Serpent of denial lurks in the Kansas budget pit
The Kansas Legislature is in a purgatory of its own creation.
Four weeks into the “wrap-up” session — costing taxpayers $43,000 a day — the Senate began debating a plan Wednesday to close a $400 million budget gap. But any illusions of progress were quickly dispelled by a desultory show of stunts and accusations, and a resounding 30-1 defeat for the lone proposal.
A conservative GOP senator, Dennis Pyle of Hiawatha, set a trash can on his desk and invited colleagues to have a sniff. That, he said, was his opinion of the multifaceted bill, which seeks to raise revenues by removing a tax exemption for business owners and increasing the overall sales tax rate and taxes on cigarettes and gasoline.
Pyle instead wants to close a $400 million budget gap with more cuts to schools and government functions.
At the other extreme, Democrats made it clear they’ll settle for nothing except rolling back the 2012 income tax cuts that created the budget problems.
Conservative Republicans sparred with moderate Republicans about how and why the 2012 tax bill turned out to be such a debacle.
Others said it wasn’t a debacle at all.
“We wanted to devise a fairer, flatter tax system that would grow our economy,” Senate President Susan Wagle said. “And people like what we’re doing.”
Some people, perhaps. Certainly, the lobbyists for the Kansas Chamber of Commerce, Americans for Prosperity and like-minded groups are pleased.
But what is fair about a tax system that exempts the owners of certain types of businesses from paying any state income taxes, while most workers pay income taxes and higher sales taxes?

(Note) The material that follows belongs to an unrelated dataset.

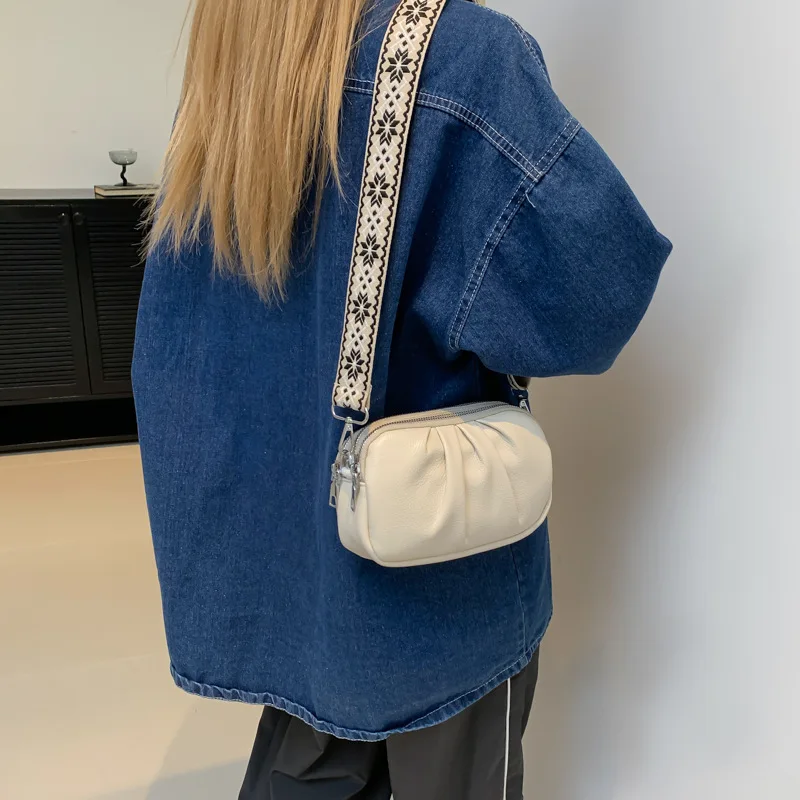 Early Spring Fashionable Pure Color Folded Single Shoulder Bag Casual Crossbody Bag Korean Style Urban Minimalist PU Bag
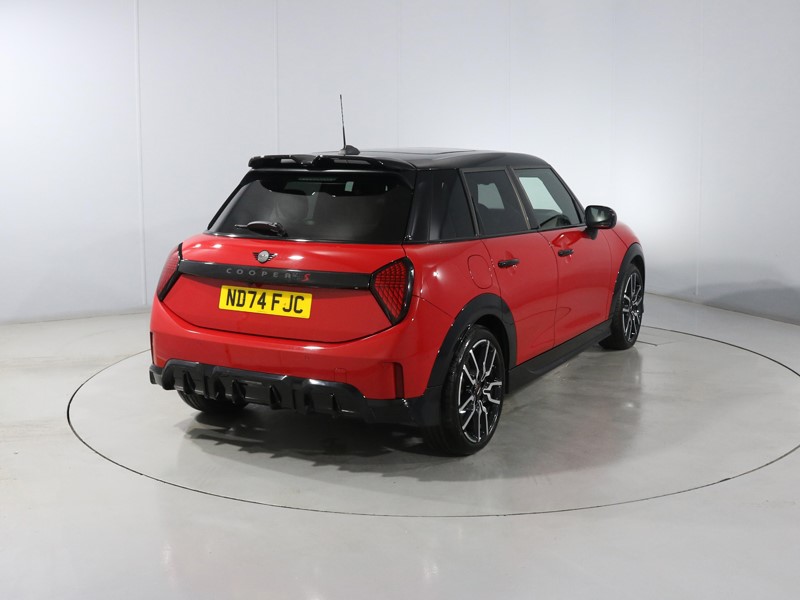 2024 (74) MINI COOPER 2.0 S Sport 5dr Auto 5898225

And there is no evidence the income tax cuts are growing the economy. The latest national jobs report shows Kansas trailing 44 other states and the District of Columbia in the rate of nonfarm job creation in the first four months of 2015.
If income tax cuts are a magic bullet, lawmakers would not still be desperately reaching for a budget-balancing package, while the administration warns of impending furloughs of state workers. The state would not have robbed the highway fund and revised the school finance formula to spend less on education.
“We eventually have to solve the problem for the people of Kansas,” said Sen. Carolyn McGinn, a moderate Republican from the Wichita area. “And then we need to go home.”
So true. But that will require Brownback, Wagle and others to propose realistic solutions to Kansas’ budget woes.